_EXERCISE DIRECTIONS:_ Your output should be the complete listing, word for word, with no pictures in it.

_GIVEN INFORMATION:_

╔══

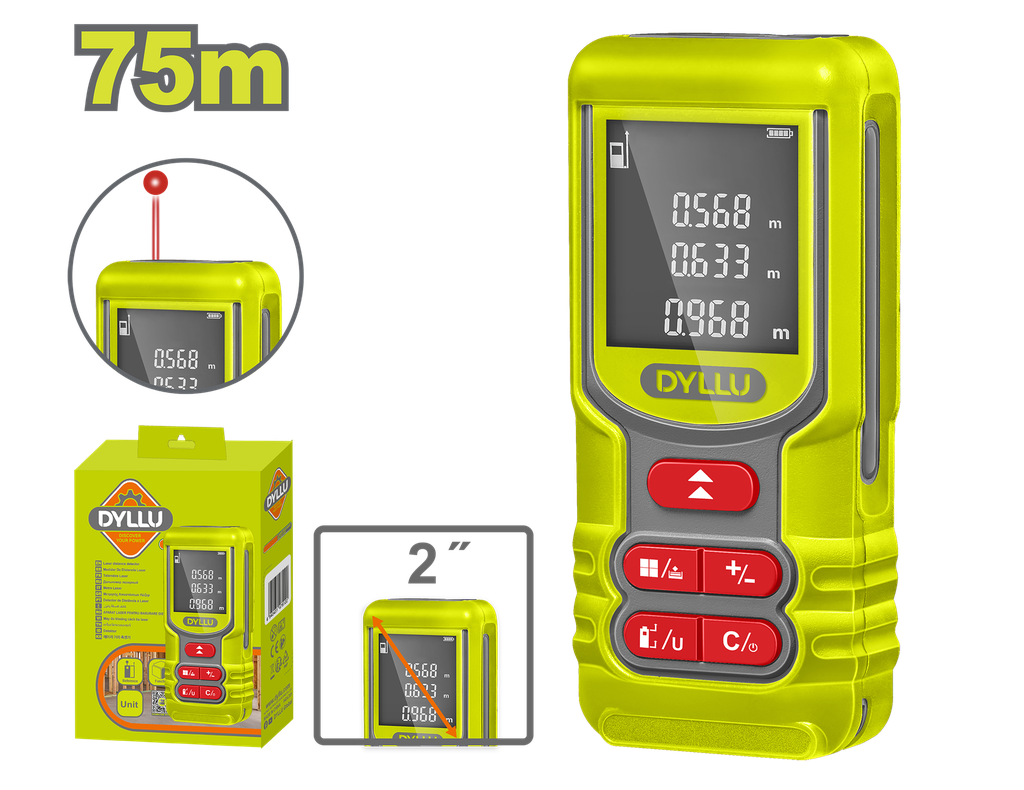 MEDIDOR DE DISTANCIA LASER 75M LUZ VERDE DYLLU (DTDL15167)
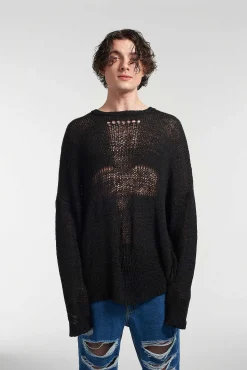 Black Cross Ladder Knit Jumper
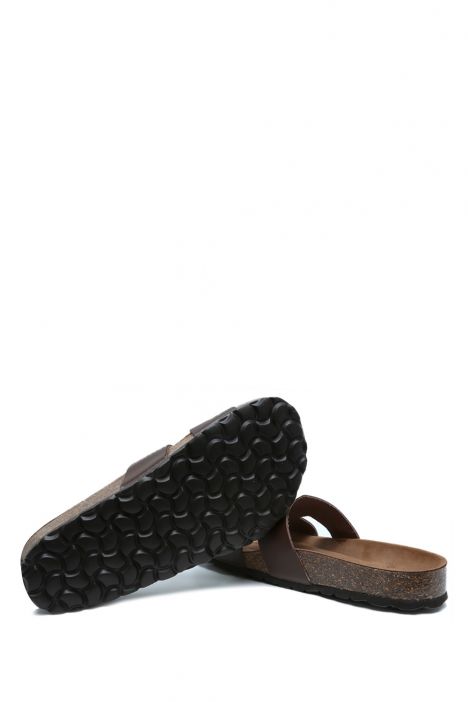 K15277 Kifidis Soft Step Kadın Tek Bantlı Mantar Terlik 36-41 Dk. Brown/Koyu Kahve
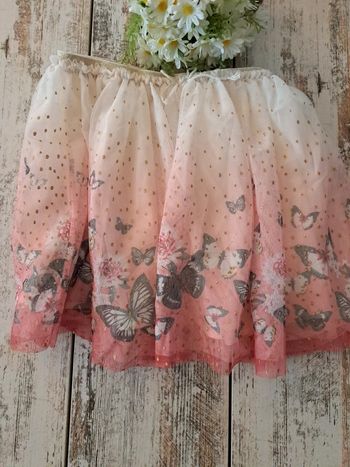 Jupe doublure  avec tulle papillons et paillettes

╚══

_RESPONSE BELOW:_
 MEDIDOR DE DISTANCIA LASER 75M LUZ VERDE DYLLU (DTDL15167)
 Black Cross Ladder Knit Jumper
 K15277 Kifidis Soft Step Kadın Tek Bantlı Mantar Terlik 36-41 Dk. Brown/Koyu Kahve
 Jupe doublure  avec tulle papillons et paillettes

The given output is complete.